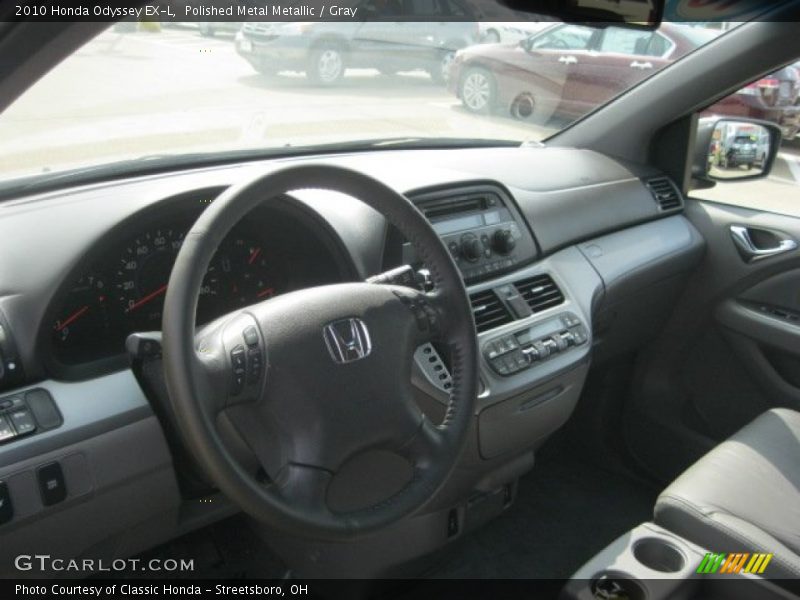 Polished Metal Metallic / Gray 2010 Honda Odyssey EX-L
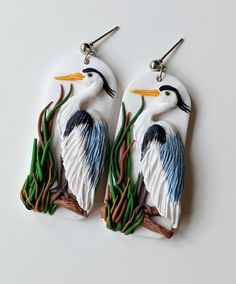 two white and blue bird shaped earrings on top of each other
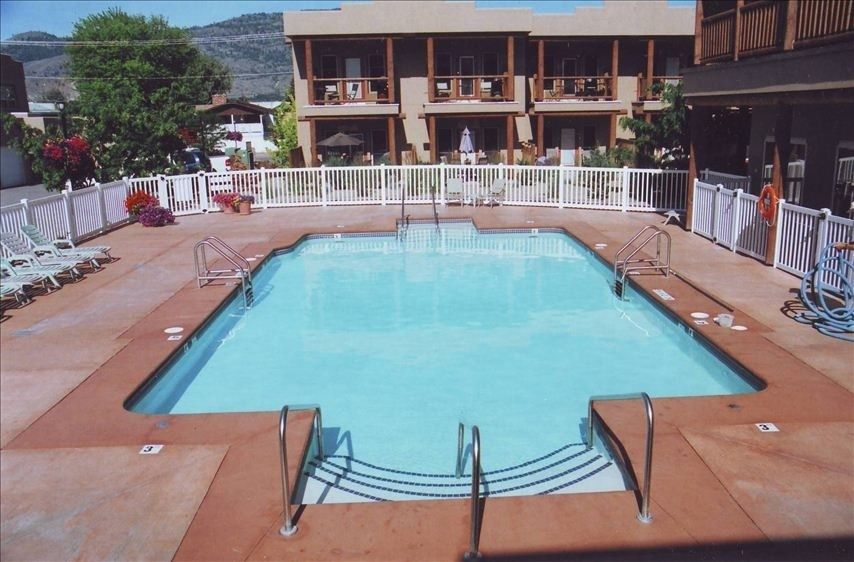 A clear, inviting swimming pool features steps leading into the water, surrounded by a spacious deck. Lounge chairs line the perimeter, alongside potted flowers. The backdrop includes a charming building with balconies. Lush greenery is visible in the vicinity, enhancing the serene environment.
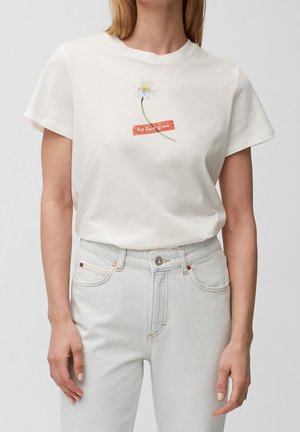 Frau trägt weißes T-Shirt mit Gänseblümchen und rotem Schriftzug "let love grow", kombiniert mit hellblauen Jeans mit hoher Taille vor einfachem Hintergrund.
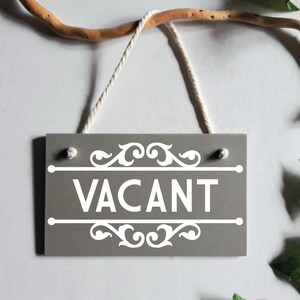 Puede incluir: Un letrero de madera gris con la palabra "VACANT" en blanco, enmarcado por adornos decorativos. El letrero cuelga de una rama natural con una cuerda blanca. Hojas verdes en el fondo.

> _BRIEF_: Could you return each entry word for word, with the images omitted?

> _RESPONSE BOX_:
 Polished Metal Metallic / Gray 2010 Honda Odyssey EX-L
 two white and blue bird shaped earrings on top of each other
 A clear, inviting swimming pool features steps leading into the water, surrounded by a spacious deck. Lounge chairs line the perimeter, alongside potted flowers. The backdrop includes a charming building with balconies. Lush greenery is visible in the vicinity, enhancing the serene environment.
 Frau trägt weißes T-Shirt mit Gänseblümchen und rotem Schriftzug "let love grow", kombiniert mit hellblauen Jeans mit hoher Taille vor einfachem Hintergrund.
 Puede incluir: Un letrero de madera gris con la palabra "VACANT" en blanco, enmarcado por adornos decorativos. El letrero cuelga de una rama natural con una cuerda blanca. Hojas verdes en el fondo.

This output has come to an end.